26 May 2012

Butterfly of the Month - May 2012

Butterfly of the Month - May 2012
The Malayan Sunbeam (Curetis santana malayica)

Another month zips by in a flash as the month of May 2012 is almost over.  It was a hectic month for me, both on the work and non-work fronts.  Juggling my time between a new and challenging role at work, with the writings, blogs and the books that I've been working on was a stressful affair.  This month, I had the opportunity to visit Sanya on the island of Hainan in China for the first time and enjoyed the scenic views of the seafront as well as baked in the hot humid weather on the island.  
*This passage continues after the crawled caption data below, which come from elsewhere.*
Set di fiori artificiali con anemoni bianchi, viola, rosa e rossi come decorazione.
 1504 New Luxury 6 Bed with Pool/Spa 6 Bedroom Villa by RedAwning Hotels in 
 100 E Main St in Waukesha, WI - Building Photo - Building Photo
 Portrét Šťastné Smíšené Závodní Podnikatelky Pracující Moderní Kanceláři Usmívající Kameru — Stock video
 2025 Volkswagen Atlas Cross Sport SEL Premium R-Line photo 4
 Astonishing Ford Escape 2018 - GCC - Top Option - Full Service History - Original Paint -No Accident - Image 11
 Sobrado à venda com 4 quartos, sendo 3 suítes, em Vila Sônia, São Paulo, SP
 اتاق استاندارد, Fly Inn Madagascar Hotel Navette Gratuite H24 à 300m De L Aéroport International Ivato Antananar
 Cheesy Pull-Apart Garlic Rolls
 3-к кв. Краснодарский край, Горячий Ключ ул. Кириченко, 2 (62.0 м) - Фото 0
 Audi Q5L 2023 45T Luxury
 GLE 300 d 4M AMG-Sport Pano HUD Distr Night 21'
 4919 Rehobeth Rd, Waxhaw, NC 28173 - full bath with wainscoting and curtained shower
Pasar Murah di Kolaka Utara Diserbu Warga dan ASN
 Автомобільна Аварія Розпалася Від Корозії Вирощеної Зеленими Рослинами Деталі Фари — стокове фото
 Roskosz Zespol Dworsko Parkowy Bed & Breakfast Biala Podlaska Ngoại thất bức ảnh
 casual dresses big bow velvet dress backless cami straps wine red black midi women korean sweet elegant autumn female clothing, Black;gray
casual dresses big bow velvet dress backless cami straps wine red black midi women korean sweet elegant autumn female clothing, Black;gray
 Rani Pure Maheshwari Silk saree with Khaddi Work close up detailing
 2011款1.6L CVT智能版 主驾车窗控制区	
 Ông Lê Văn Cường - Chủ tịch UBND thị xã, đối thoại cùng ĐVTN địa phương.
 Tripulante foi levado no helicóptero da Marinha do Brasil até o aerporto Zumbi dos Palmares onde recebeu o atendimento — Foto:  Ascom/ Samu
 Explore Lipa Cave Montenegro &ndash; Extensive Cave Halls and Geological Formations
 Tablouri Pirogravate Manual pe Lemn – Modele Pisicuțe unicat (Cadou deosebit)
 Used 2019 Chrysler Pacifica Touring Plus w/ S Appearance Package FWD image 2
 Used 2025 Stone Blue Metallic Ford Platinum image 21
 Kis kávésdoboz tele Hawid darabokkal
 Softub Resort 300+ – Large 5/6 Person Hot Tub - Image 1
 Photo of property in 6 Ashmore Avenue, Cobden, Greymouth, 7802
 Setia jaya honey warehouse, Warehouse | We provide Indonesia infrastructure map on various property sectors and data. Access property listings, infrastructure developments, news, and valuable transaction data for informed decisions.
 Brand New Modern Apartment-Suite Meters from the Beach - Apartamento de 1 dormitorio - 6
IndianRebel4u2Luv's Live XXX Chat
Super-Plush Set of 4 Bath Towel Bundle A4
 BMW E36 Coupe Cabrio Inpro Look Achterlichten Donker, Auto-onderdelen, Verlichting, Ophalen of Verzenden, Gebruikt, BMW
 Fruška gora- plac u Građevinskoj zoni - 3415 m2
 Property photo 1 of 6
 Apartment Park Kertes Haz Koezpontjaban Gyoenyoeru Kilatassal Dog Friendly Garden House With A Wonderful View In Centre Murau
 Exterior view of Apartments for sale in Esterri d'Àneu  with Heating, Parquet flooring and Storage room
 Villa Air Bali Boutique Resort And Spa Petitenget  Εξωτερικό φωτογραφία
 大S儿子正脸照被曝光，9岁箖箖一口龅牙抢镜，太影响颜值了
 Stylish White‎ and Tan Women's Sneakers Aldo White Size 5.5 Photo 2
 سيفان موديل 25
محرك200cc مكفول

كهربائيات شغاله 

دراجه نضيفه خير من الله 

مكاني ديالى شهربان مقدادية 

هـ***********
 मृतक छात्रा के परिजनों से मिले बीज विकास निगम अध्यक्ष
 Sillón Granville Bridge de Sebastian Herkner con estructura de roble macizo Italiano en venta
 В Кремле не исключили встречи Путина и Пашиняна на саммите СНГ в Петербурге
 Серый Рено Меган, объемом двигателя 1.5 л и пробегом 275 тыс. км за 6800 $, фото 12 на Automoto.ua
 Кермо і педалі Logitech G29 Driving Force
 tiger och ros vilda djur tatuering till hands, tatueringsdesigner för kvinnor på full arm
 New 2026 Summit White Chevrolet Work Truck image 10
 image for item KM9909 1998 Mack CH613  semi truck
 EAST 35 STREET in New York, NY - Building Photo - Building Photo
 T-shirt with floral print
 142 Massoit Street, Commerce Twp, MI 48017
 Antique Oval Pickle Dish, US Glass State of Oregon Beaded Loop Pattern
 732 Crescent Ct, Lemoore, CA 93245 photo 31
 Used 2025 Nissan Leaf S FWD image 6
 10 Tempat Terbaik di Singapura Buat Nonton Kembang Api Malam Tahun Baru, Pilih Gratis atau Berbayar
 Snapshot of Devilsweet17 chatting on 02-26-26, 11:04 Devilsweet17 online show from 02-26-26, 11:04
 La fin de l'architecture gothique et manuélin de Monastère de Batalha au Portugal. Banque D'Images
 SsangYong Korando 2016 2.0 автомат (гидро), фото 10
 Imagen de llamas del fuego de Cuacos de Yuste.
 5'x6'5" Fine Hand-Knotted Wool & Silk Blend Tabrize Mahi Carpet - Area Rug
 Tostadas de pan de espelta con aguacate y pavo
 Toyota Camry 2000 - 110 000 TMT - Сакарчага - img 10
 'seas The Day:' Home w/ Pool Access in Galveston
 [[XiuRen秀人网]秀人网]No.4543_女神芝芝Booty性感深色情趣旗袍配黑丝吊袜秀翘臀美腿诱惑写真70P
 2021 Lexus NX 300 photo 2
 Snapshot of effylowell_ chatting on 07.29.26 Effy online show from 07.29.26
In my spare time, I was juggling writing and processing photos between two books - the soon-to-be launched Caterpillars of Singapore's Butterflies, which I co-authored with Horace Tan, and the short monographs that I was writing for Raffles Museums forthcoming Private Lives series, featuring the Rainforests of Singapore.  Fortunately, amidst a few heart-stopping moments, progress on the first book in Singapore featuring exclusively butterfly caterpillars went well with lots of help from NParks staff Rachel Lim, Ng Li-San and Cindy Ong.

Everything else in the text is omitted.